我看這個周行天是不是有特異功能什麼來著了?不像啊!有特異功能的一般都略帶神經質的,看這個周行天正常的很,不像是個神經病。他不會是個氣功高手吧?氣功?十幾年前自己也練過啊!好像也沒那麼厲害?要不他隨便搞了自己幾下,自己就變得刀槍不入般的厲害。那是咋回事了?
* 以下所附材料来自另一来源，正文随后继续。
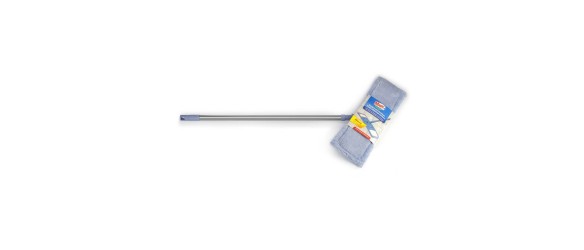 Комплект телескопична дръжка и моп с микрофибърна основа Chenille Magic Clean ➤ топ цена ➤ dshome.bg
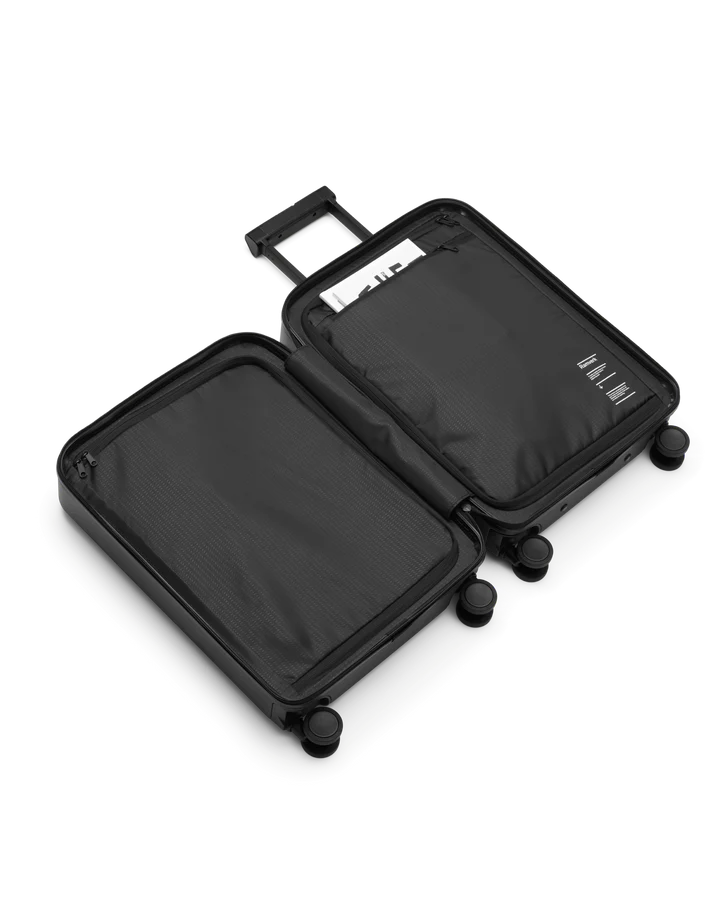 Ramverk Front-access Carry-on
“哇!真熱鬧啊!”泰明停止了思索,轉頭看到辦公室窗外邊熙熙攘攘的人群,不由得發出由衷的讚歎。看罷外面忙碌的情景,他再也坐不住。隨即扔掉手邊的工作,蹬蹬蹬地往周行天的辦公室走去。
“嗨,我說你周行天啊!前晚你說什麼發財的靈驗法子,現在我這裡有現成的——暫停工作,準備出動。”泰明串到周行天的辦公桌旁,毫不客氣地說道。
周行天正在上網研究最新的司法解釋,看到風風火火的泰明,不由覺得好笑。上次那筆橫財給自己扔了後,整天想跟自己較勁,還說了自己的計劃,組織基金投資股票合夥買彩同炒期貨,自詡說以自己的天資絕對是穩賺不賠的買賣。
“怎麼啦?”周行天笑著問道,“你是不是又有什麼突破專業限制跨行業投資的巨集大計劃了?”
泰明急忙道:“你不知今天是個好日子嗎?”
周行天奇怪的問道:“今天既不是情人節和愚人節,也不是什麼母雞下蛋的好節日,何來的好日子?”
泰明指了指廣場外面熱鬧的人群,周行天恍然大悟,“哦!小明啊,手背發癢了?又想去買彩票?”
“不行嗎?”泰明高興地說道:“即開型福利彩票,即買即開。有獎金有轎車,不要轎車要鈔票也即時換算。很合算的呢!”
周行天淡笑著:“那你就去嘞。我祝你捧個轎車回來,假如要不回來,也學以前的摸中體育彩票那個傻小子樣,爬上廣告架聲稱自殺。”
“切——你小子烏鴉嘴,以本律師的樣貌他們敢不發獎,老子自訴,上法庭告得他們當掉底褲。”泰明將胸口拍得砰砰響。
周行天心動了,笑著說道:“那我就加入了,我們是不是合夥買彩啊?好,一起出錢,中獎獎金共同所有。”
泰明遲鈍了一下,有點遲疑地說道:“耶,轉性了?不是以前的你了?不行,信不過你。可不要像上次一樣已經吃到嘴裡了還要吐出來。還是先擬定一個購彩合同正式點。”
泰明拿起筆,按照合同的格式,遵循著標的款項收益分成等諸條款,沙沙地書寫開來。
當泰明停筆時,蘇倩怡捧著一堆文案宗捲走了進來。好奇地問道:“你們在做什麼非法的交易?”
“嗨!你來得正好,做個公證人還是你也參與一份?”泰明將購彩合同書遞給蘇倩怡過目。
蘇倩怡快速看完,對周行天說道:“周行天大哥,這個收益三七開,合同書對你很不公平的耶。”
周行天無所謂地擺擺手,說道:“沒所謂的。我求上帝保佑它永遠不起作用就可以了。”
泰明惱火地掐著周行天的脖子叫道:“哈,你這混蛋,不食人間煙火是嗎?小心餓死,清明節時,本律師絕不去拜你的山頭。”
蘇倩怡笑著說道:“你倆,這麼大歲數的人了,還像個小孩子樣打鬧。好,我做個見證人就好哩。”隨即在合同書上籤上了大名。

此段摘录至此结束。